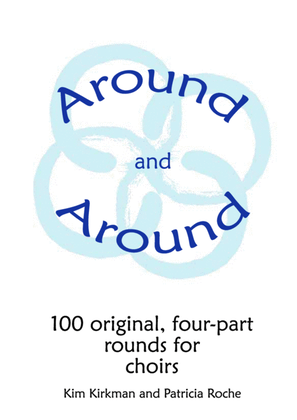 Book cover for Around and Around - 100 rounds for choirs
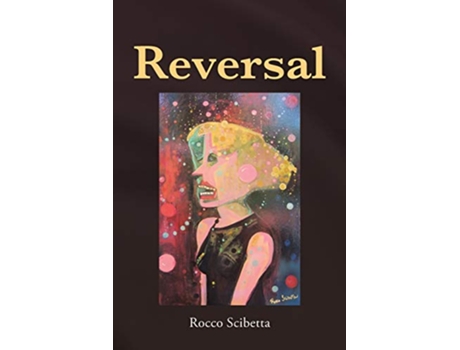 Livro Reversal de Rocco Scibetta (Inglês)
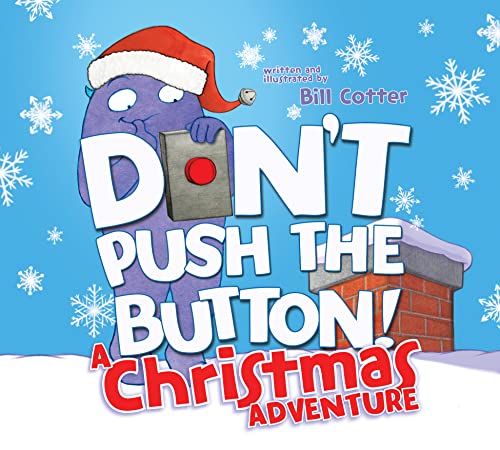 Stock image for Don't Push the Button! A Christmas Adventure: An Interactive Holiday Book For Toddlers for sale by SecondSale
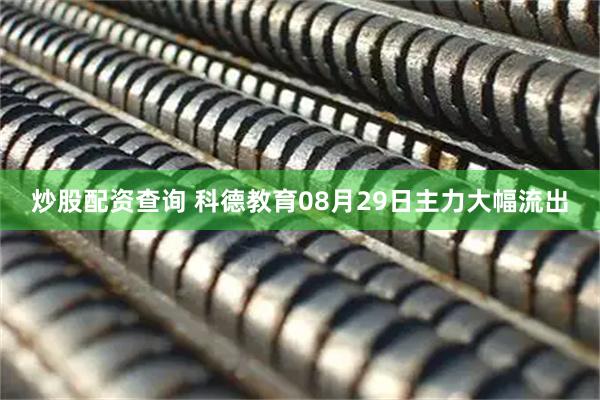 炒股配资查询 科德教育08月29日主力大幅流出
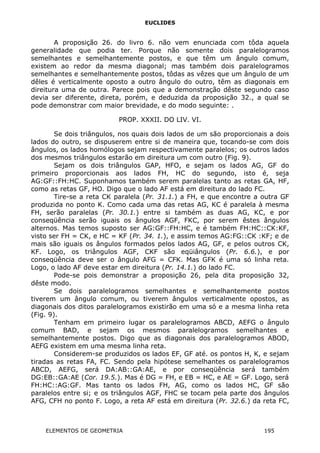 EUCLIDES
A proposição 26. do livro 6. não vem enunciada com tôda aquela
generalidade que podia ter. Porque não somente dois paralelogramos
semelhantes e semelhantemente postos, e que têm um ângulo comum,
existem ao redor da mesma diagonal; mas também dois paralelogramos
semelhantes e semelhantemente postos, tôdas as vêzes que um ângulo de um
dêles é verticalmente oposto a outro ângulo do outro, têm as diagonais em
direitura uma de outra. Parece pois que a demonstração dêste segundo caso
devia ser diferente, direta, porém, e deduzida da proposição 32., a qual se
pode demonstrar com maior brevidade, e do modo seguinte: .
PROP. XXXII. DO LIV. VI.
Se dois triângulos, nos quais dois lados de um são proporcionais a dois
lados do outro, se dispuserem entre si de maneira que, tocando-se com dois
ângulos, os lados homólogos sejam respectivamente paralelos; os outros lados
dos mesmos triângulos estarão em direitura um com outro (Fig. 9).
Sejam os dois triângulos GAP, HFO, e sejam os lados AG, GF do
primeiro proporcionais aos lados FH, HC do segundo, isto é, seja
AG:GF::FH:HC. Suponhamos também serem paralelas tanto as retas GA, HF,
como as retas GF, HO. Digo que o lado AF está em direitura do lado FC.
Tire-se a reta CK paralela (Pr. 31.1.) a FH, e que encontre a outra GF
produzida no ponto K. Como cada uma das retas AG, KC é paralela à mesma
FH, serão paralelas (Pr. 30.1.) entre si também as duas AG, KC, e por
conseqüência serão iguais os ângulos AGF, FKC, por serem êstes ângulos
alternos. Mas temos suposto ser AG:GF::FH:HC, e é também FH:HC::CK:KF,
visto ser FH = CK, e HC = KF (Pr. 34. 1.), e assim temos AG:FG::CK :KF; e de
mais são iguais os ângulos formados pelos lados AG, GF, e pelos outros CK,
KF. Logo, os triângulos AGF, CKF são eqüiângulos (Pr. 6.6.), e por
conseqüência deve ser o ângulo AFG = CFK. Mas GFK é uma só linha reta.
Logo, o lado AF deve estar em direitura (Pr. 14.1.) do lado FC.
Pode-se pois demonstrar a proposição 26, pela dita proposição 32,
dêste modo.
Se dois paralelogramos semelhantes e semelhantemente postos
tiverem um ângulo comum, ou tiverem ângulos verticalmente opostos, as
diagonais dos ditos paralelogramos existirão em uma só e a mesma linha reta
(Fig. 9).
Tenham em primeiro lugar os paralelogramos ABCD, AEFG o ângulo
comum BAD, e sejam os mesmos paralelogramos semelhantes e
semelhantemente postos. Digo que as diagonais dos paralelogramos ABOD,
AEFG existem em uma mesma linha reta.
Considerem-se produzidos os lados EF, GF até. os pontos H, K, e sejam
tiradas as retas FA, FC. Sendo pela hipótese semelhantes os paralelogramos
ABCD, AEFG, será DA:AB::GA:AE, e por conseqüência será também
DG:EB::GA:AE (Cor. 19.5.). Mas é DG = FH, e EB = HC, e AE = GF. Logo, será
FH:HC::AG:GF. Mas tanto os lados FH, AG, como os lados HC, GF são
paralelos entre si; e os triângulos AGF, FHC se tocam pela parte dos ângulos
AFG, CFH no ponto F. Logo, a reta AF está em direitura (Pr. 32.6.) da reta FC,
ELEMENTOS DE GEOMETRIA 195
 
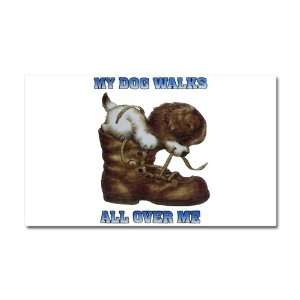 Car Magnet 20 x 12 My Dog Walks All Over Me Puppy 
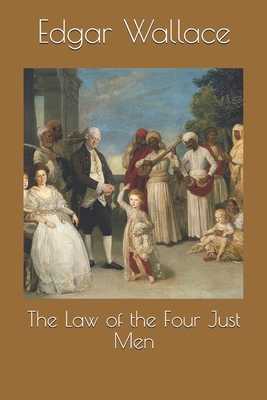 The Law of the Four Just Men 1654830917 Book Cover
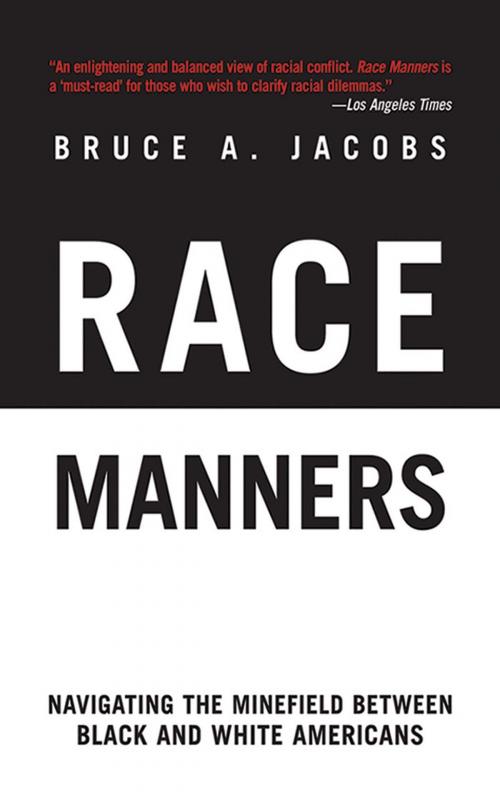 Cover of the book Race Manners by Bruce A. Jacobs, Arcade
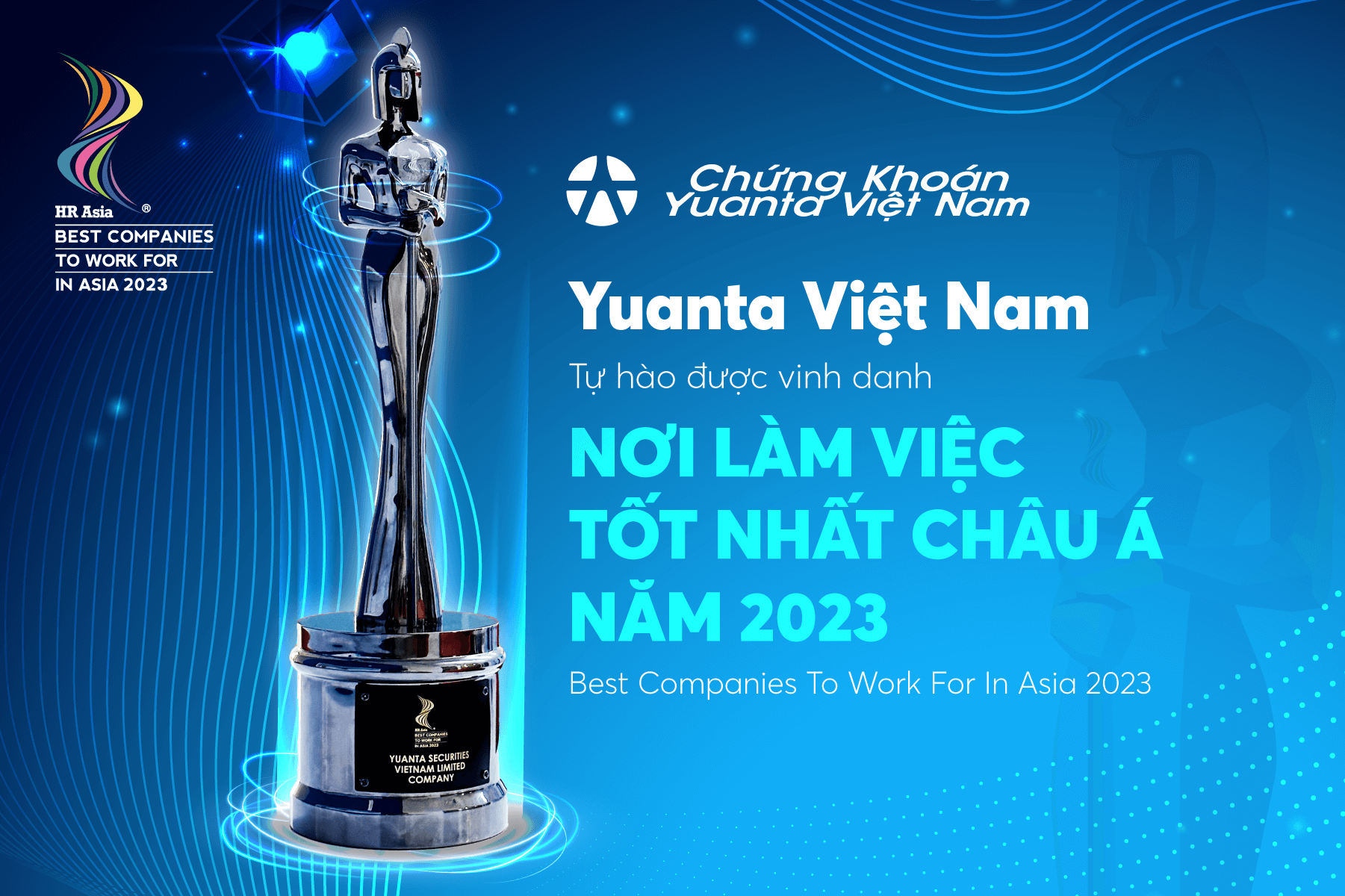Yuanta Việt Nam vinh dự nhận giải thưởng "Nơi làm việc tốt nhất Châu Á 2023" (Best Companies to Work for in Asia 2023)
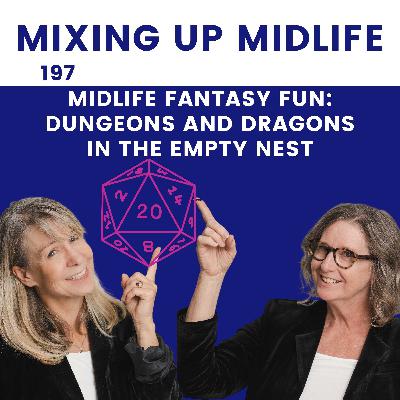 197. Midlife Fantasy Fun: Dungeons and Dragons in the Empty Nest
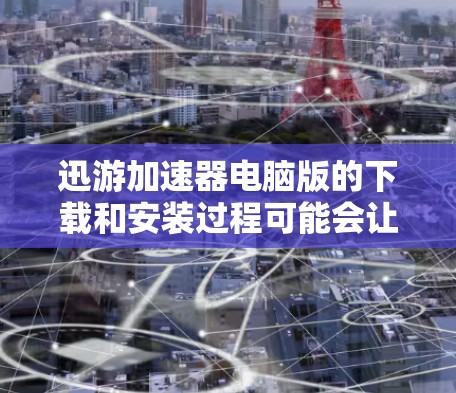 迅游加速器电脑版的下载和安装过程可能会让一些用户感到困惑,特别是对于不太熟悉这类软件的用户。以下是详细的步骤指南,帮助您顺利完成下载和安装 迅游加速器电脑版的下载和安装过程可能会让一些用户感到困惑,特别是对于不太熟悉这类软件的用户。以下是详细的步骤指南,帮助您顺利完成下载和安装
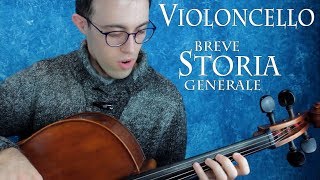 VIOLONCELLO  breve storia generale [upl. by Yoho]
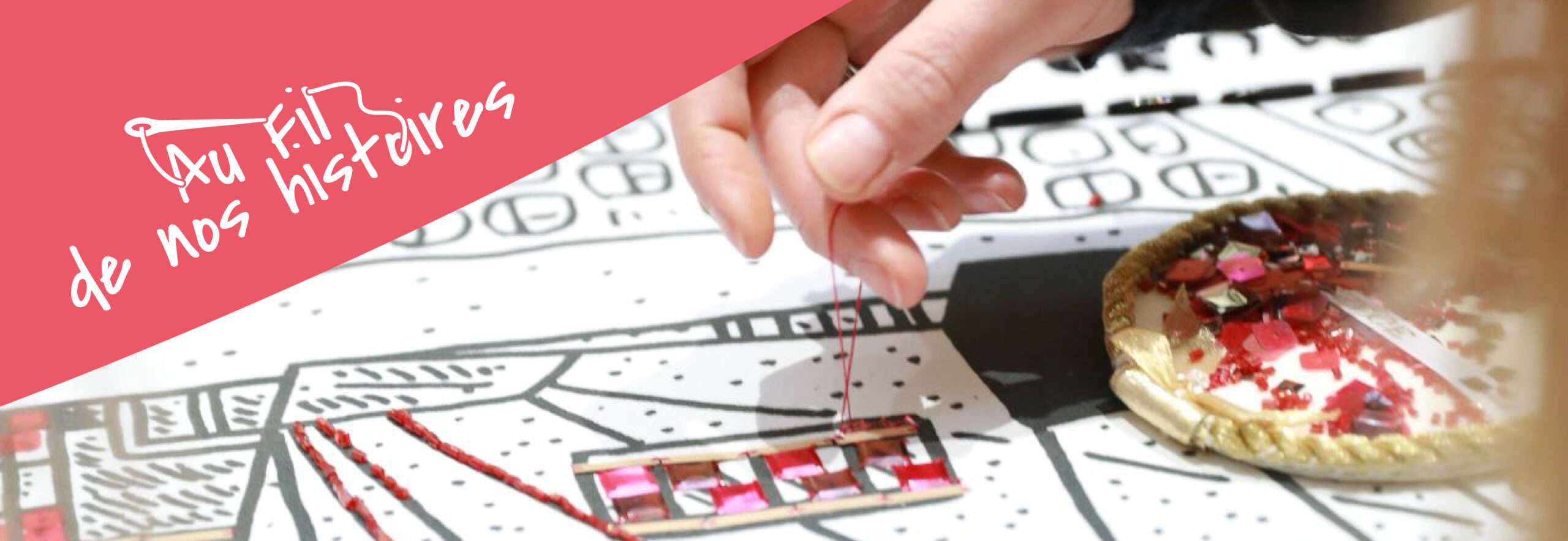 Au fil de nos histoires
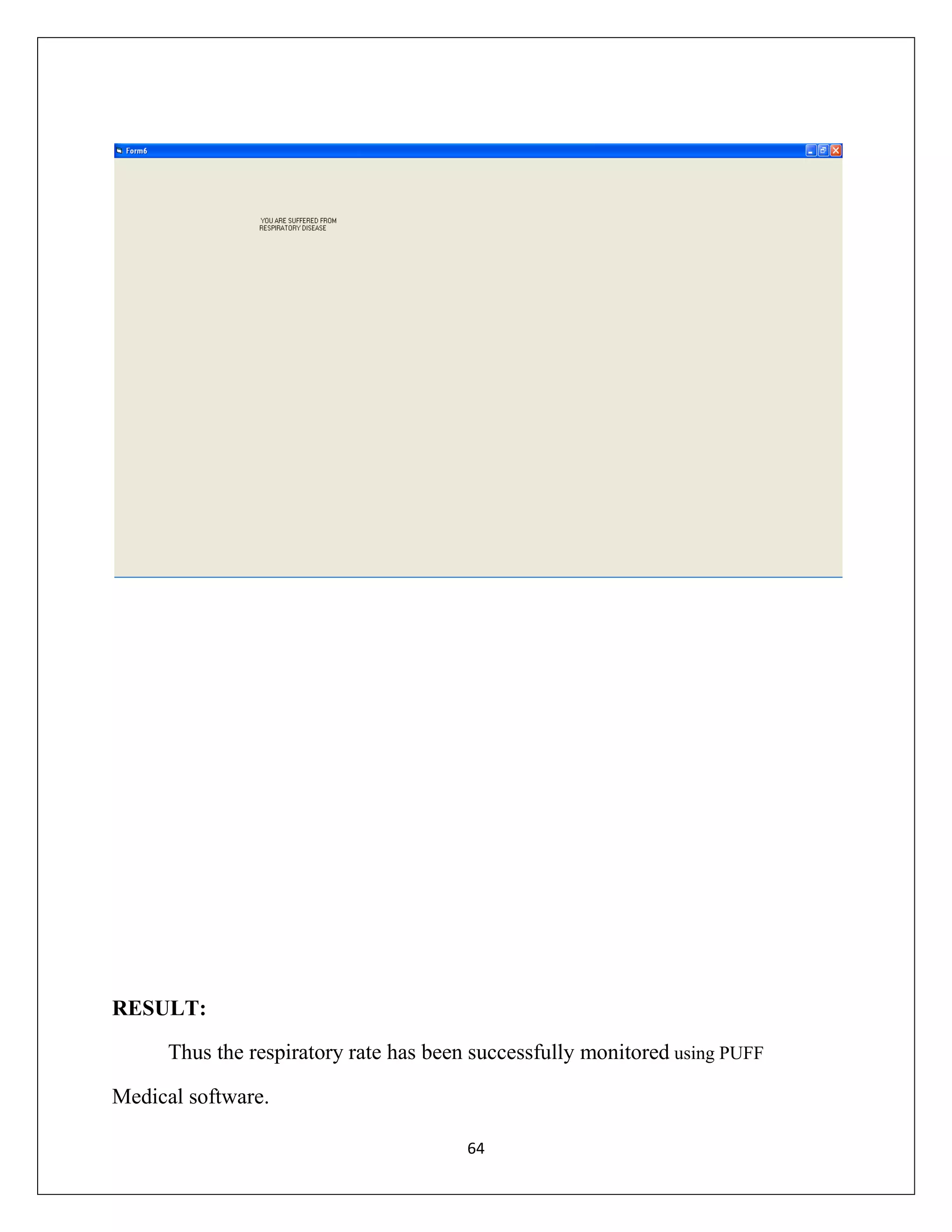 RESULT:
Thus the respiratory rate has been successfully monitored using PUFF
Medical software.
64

* * * * * * * * *

What you return from the records above should be exactly everything from the line with "炒股配资查询 科德教育08月29日主力大幅流出" down to the line with "produzida no ponto", both kept, and no pictures.

# EXERCISE RESPONSE
 炒股配资查询 科德教育08月29日主力大幅流出
 EUCLIDES
A proposição 26. do livro 6. não vem enunciada com tôda aquela
generalidade que podia ter. Porque não somente dois paralelogramos
semelhantes e semelhantemente postos, e que têm um ângulo comum,
existem ao redor da mesma diagonal; mas também dois paralelogramos
semelhantes e semelhantemente postos, tôdas as vêzes que um ângulo de um
dêles é verticalmente oposto a outro ângulo do outro, têm as diagonais em
direitura uma de outra. Parece pois que a demonstração dêste segundo caso
devia ser diferente, direta, porém, e deduzida da proposição 32., a qual se
pode demonstrar com maior brevidade, e do modo seguinte: .
PROP. XXXII. DO LIV. VI.
Se dois triângulos, nos quais dois lados de um são proporcionais a dois
lados do outro, se dispuserem entre si de maneira que, tocando-se com dois
ângulos, os lados homólogos sejam respectivamente paralelos; os outros lados
dos mesmos triângulos estarão em direitura um com outro (Fig. 9).
Sejam os dois triângulos GAP, HFO, e sejam os lados AG, GF do
primeiro proporcionais aos lados FH, HC do segundo, isto é, seja
AG:GF::FH:HC. Suponhamos também serem paralelas tanto as retas GA, HF,
como as retas GF, HO. Digo que o lado AF está em direitura do lado FC.
Tire-se a reta CK paralela (Pr. 31.1.) a FH, e que encontre a outra GF
produzida no ponto K. Como cada uma das retas AG, KC é paralela à mesma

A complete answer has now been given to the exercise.